Web page caption snippets:
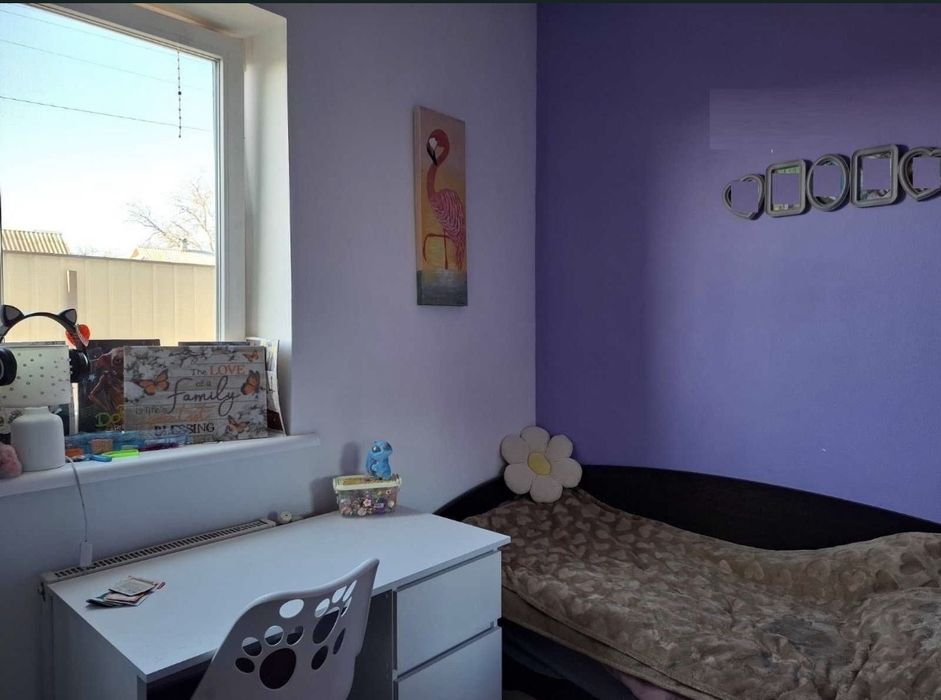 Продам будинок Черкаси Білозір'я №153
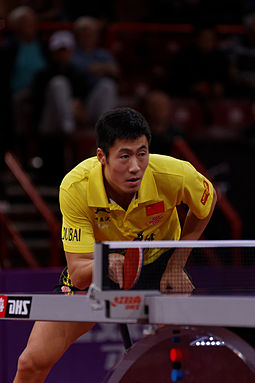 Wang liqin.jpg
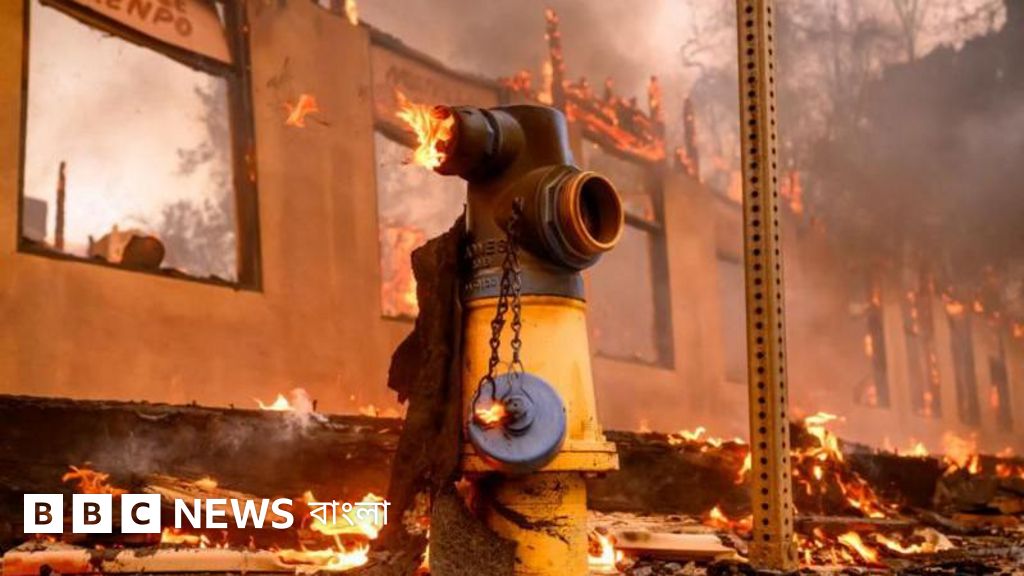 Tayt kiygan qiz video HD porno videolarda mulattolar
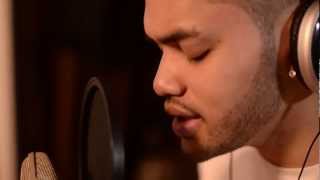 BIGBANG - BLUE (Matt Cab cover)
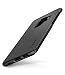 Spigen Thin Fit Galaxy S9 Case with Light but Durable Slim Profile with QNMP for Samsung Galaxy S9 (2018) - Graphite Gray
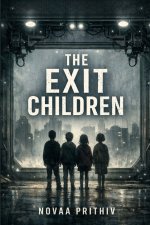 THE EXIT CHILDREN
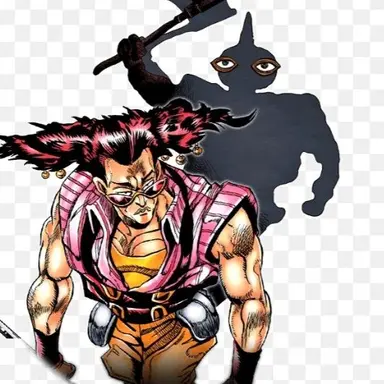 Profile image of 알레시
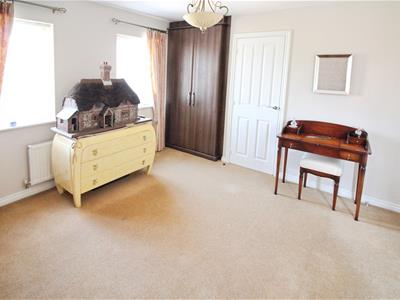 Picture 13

**TASK TO CARRY OUT:**
Make an exact copy of the lines of the records from the line containing "THE EXIT CHILDREN" through the final line, both ends included, but not of the pictures.

**ANSWER TO THIS TASK:**
 THE EXIT CHILDREN
 Profile image of 알레시
 Picture 13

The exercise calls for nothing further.